異世界で帝国の皇子に出会ったら、トラブルに巻き込まれました。


そんなふうにバルドと言い合いができたのは、よかった。


くたくたのまま、彼の添い寝で安心して眠りに落ちる。


(よかった……ちゃんと話せて……やっぱりバルドは変わらないよ……ね)


きっと、大丈夫。何か問題があっても2人……ううん、子どもと3人で乗り越えられる。そう信じてた。





その夜、夢を見た。


お母さんや秋人おじさんとよく遊びにいった河川敷の公園で、そこには四季折々の花も楽しめるよう色んな花も植えられてた。

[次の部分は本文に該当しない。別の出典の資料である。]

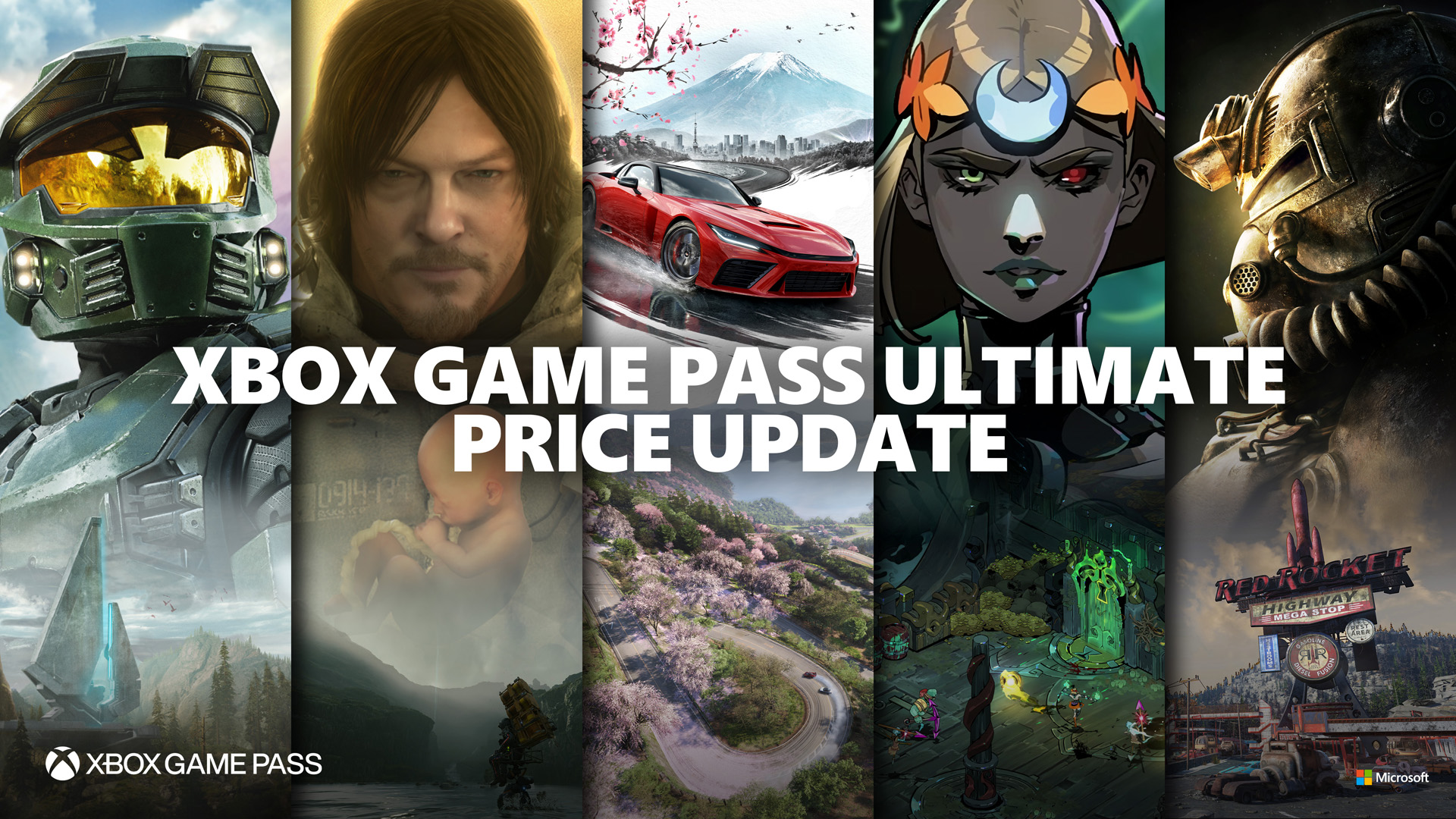 Xbox Game Pass Ultimate price update key art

花壇の花は無理だけど、野に咲く花を摘んで花輪を作ったり。押し花にしたり。そうそう、秋人おじさんは器用に作ってたなって懐かしく思う。


対してお母さんは不器用で、よく失敗してはムキ~! と吠えてた。その真っ赤な顔を見て、秋人おじさんとよく笑って。お母さんは更に真っ赤になって怒ったっけ。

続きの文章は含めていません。